■ The data ■

>>>>

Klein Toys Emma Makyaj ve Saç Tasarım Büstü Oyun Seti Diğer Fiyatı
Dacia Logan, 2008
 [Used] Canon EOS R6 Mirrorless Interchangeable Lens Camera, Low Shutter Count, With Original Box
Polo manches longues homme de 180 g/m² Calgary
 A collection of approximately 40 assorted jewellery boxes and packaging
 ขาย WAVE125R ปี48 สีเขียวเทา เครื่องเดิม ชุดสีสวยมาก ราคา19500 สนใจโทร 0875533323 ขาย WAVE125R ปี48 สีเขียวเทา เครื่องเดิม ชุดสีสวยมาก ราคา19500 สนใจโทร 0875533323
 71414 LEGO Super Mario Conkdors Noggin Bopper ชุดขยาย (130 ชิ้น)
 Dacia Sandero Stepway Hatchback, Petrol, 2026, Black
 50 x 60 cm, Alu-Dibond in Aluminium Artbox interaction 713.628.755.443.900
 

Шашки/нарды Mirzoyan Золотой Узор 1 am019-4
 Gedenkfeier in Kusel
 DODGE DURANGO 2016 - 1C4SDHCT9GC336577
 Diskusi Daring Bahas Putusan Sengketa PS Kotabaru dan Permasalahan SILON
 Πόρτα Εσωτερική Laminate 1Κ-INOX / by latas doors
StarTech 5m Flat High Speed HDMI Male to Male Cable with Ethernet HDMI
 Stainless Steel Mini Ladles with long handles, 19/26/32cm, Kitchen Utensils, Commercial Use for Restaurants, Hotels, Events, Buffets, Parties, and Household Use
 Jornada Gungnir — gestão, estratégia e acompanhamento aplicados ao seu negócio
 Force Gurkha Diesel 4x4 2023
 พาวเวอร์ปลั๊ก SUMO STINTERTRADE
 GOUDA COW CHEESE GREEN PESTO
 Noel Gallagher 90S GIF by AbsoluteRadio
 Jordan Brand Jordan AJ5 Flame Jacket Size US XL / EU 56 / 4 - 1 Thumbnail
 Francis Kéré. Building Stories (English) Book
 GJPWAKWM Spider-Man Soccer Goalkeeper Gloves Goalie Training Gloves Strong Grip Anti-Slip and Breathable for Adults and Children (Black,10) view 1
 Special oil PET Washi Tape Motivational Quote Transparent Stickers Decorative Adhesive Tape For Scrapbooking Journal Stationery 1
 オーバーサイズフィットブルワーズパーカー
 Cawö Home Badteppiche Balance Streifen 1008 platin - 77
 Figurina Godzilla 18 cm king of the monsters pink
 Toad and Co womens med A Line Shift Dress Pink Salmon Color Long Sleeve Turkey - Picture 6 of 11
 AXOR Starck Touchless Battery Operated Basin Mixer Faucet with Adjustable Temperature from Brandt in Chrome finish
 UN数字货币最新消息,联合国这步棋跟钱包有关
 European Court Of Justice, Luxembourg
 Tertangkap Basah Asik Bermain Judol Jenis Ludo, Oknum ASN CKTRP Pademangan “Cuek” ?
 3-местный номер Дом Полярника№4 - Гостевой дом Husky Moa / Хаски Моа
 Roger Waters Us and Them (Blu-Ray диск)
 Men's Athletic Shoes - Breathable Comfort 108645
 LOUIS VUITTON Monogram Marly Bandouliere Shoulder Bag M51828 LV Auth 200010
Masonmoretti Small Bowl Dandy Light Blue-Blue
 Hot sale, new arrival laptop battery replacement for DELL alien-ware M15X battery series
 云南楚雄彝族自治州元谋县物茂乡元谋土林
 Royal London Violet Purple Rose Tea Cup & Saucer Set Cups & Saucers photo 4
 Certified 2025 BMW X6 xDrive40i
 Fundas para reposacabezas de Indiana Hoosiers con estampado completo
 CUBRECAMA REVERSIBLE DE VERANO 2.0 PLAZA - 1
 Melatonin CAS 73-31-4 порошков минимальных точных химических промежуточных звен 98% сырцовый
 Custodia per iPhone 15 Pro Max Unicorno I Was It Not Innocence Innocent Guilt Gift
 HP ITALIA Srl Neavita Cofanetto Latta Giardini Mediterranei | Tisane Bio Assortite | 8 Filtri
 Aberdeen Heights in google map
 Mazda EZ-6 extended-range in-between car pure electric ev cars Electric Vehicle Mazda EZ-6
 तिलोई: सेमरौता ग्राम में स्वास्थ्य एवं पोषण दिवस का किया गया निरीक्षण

<<<<

■ About this exercise ■
A bare number is the expected answer: the tally of lines in the records above holding "Black".

■ Output below ■
2